Obama said in order to disrupt, dismantle and defeat al Qaeda in Afghanistan and Pakistan he wants 4,000 additional troops to join the 17,000 he requested last month. Their mission will be to train Afghan security forces so that by 2011 there will be 134,000 Afghan army troops and 82,000 Afghan police. He also wants hundreds of civilians to help rebuild the country.

"I think it's a very good plan and it's overdue," Waheed Mommand said. Mommand is president of the largest Afghan American organization in the country and has spent most of the last five years in Afghanistan.

"You know it doesn't matter how much we do we are still foreigners okay," Mommand said.

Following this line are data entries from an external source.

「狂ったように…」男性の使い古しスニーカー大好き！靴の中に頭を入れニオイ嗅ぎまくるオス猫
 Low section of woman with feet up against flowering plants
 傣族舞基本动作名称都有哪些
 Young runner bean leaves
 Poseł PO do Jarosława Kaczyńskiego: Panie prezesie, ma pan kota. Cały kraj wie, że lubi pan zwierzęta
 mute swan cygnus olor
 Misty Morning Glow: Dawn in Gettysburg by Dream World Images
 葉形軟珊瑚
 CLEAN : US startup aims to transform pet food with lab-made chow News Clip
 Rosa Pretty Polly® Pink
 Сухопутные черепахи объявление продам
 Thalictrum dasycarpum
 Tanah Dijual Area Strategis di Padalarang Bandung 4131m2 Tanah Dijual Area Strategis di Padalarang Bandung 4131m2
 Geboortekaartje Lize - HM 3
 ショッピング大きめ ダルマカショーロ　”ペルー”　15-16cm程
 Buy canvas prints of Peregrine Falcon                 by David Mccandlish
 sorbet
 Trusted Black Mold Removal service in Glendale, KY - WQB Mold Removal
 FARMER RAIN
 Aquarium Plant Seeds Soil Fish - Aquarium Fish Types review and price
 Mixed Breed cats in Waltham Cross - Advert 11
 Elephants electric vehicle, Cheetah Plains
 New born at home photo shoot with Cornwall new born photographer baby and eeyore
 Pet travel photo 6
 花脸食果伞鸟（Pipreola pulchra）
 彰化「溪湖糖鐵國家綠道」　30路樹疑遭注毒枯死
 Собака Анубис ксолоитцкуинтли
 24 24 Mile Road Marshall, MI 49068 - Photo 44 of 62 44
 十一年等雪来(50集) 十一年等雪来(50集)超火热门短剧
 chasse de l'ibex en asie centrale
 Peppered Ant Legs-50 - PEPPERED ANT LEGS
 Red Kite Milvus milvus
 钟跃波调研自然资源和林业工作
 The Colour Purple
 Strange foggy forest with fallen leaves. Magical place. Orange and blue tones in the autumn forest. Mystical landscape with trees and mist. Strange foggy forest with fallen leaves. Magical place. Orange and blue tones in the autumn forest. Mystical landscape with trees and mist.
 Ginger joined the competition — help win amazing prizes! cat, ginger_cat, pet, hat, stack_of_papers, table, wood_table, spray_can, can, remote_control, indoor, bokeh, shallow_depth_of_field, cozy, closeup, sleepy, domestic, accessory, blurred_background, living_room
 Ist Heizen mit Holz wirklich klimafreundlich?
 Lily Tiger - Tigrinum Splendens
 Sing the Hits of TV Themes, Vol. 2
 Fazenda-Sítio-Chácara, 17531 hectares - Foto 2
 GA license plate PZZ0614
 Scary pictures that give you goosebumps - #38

Momand says the U.S. needs to find a way to help empower the Afghan people rather than relying on Afghanistan's elected leaders, who do not have the backing of many of their countrymen.

"You have to bring the people together, it's not that we have to bring them, we have to help," Mommand said.

Momand says if the president can help community leaders generate a sense of national pride and purpose, the country could overcome the Taliban or al Qaeda.

But a former CIA agent who spent years in the region helping Afghanistan over throw the Soviet Union says the president's plan is doomed.

"If this administration persists in Afghanistan and Pakistan this will make Vietnam look like a day at the polo club," /*Robert Baer*/ said.

Baer says the U.S. is playing for very high stakes with a losing hand.

"We risk a larger presence in Afghanistan on that border crossing the border into Pakistan in any form whether it's missiles or troops of destabilizing Pakistan and not being able to account for 100 nuclear weapons with missiles, these are the stakes," Baer said.

Baer spent 21 years as a CIA agent in the Middle East. Investigative reporter Seymour Hersh has called him one of the best on-the-ground field officers in the region.